The Federation of Indian Chambers of Commerce and Industry's (FICCI) quarterly business confidence index rose 6.2 points to 44 for the March quarter, rebounding from a seven-year low in the prior quarter, the survey of 384 firms showed.
Weak demand was the most frequently cited reason for faltering corporate performance, but 40 percent or more said higher costs of raw materials, staff and credit were also hurting companies, the business lobby's survey showed.
India's economy is expected to grow around 7 percent or less in the year to March 31, compared with 9 percent or more growth seen in the preceding three years. Some private economists have said the following year could see growth as low as 6 percent.
The government has announced spending plans, cut factory gate taxes and the central bank has cut interest rates to a nine-year low, in measures to revive the economy.
FICCI said the proposals announced by the government, which is headed for polls in April, had to be implemented and there could be a need for further stimuli.

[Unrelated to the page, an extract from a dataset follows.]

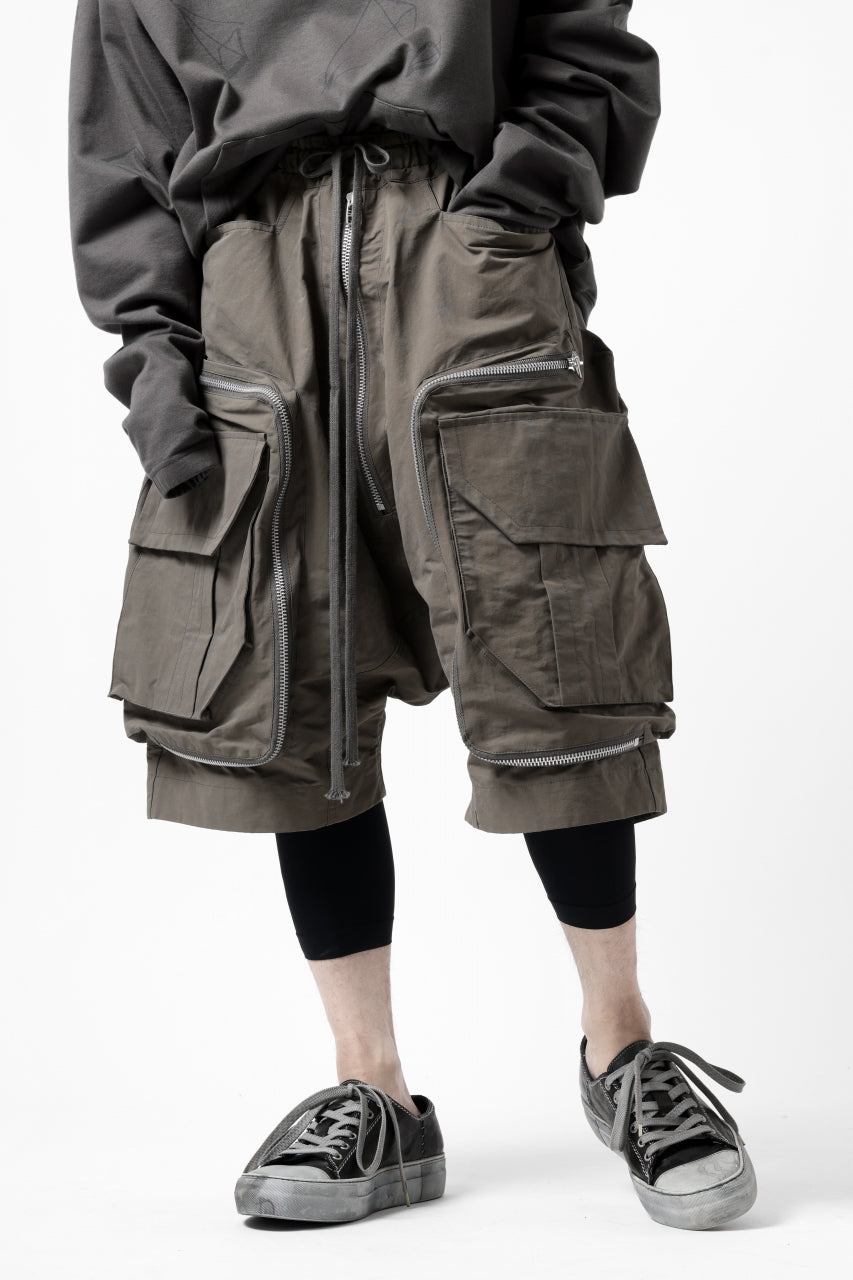 画像をギャラリービューアに読み込む, A.F ARTEFACT RADICAL-ZIP MILITARY SARROUEL SHORTS (KHAKI)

"This is all the more important as survey participants have pointed that it is the current situation that is somewhat better but they are not too confident about the future," FICCI said in a statement accompanying the survey.
The survey showed 38 percent of firms expected the economy and their industry's performance to "moderately or substantially" worsen over the next two quarters. In the December quarter, close to half saw them worsening.
A quarter of the respondents saw better industry performance, compared with 23 percent a quarter ago. Improving economic conditions were presaged by 30 percent, up from 22 percent earlier.
Over the next six months, profits would decline, over half of the surveyed firms said, while 31 percent also predicted a decline in sales. Forty percent saw lower levels of investment.